Earnings per share is now expected to be 60 cents to 70 cents, compared to analysts’ average estimates of 63 cents, according to Thomson-Reuters I/B/E/S. Its previous estimate was for earnings of 50 cents to 70 cents.
The company, known for franchises like “FIFA” and “Madden: NFL,” has shown its financial health has improved. The company, which has frustrated investors by slashing its outlook in previous quarters, has cut costs and headcount, slimmed down its game portfolio, and began issuing more cautious forecasts.
On Tuesday, the company said it would buy back $600 million in shares over 18 months.
“The reason we are doing the buyback is that our cash flow generation is improving, which is a demonstration of our belief in our strategy, specifically our digital strategy as we build our digital revenue,” Chief Financial Officer Eric Brown said in an interview.
Digital revenue increased 39 percent to $211 million. EA also said it is on track to generate $750 million in digital revenue for the full year.

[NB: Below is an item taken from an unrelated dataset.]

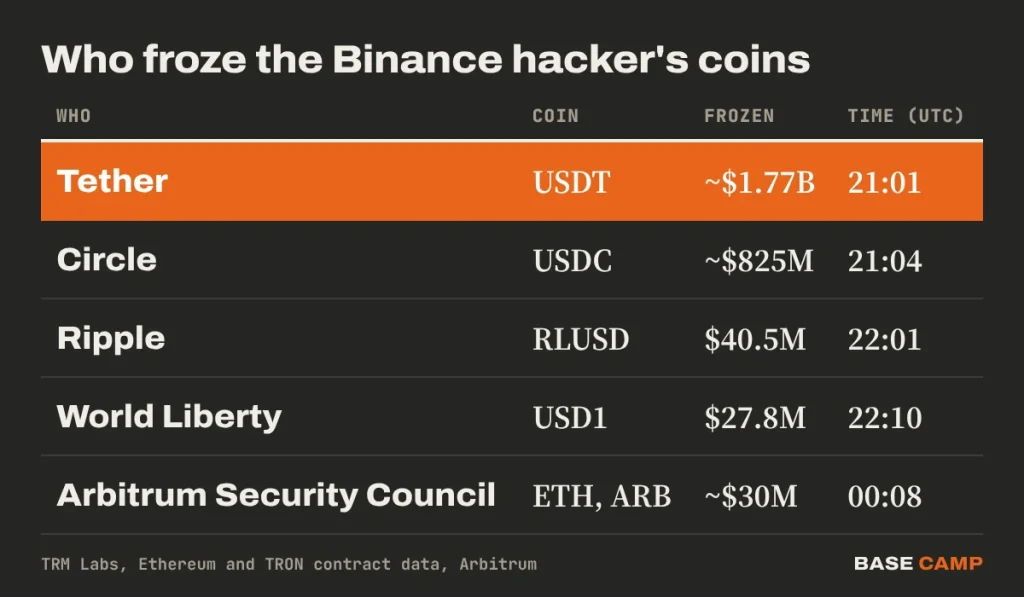 Who froze the Binance hacker's coins: Tether about $1.77B USDT at 21:01 UTC, Circle about $825M USDC at 21:04, Ripple $40.5M RLUSD at 22:01, World Liberty $27.8M USD1 at 22:10, Arbitrum Security Council about $30M in ETH and ARB at 00:08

Once the dominant video game publisher, EA is in the midst of turnaround efforts. After a difficult 2009, the company cut jobs and pared its game portfolio to focus on fewer, bigger titles.
One investor viewed the share buyback as a sign of confidence that the company sees better days with its pipeline of games.
“The buyback is very encouraging about EA’s game pipeline and for what they see for new systems like the Kinect and for the potential of the digital business,” said Larry Haverty, associate portfolio manager of Gabelli Global Multimedia Trust, which owns EA shares.
The company posted a net loss of $322 million, or 97 cents per share, compared with a loss of $82 million, or 25 cents per share a year earlier.
Excluding for various costs related to taxes, acquisitions
and restructuring charges, EA reported earnings per share of 59 cents, compared with analysts’ average estimates of 57 cents, according to Thomson-Reuters I/B/E/S.
“An EPS of 59 cents was much better than expected and put on top of that a share buyback, which is finally going to put their cash to work, that’s going to be well received.” said MKM Partners analyst Eric Handler.
On an adjusted basis, EA’s revenue increased 4.8 percent to $1.410 billion from $1.346 billion a year earlier. Analysts on average were expecting revenue of $1.43 billion.
Shares were up 9 percent at $17.03 in after-hours trade after closing at $15.62 on the Nasdaq.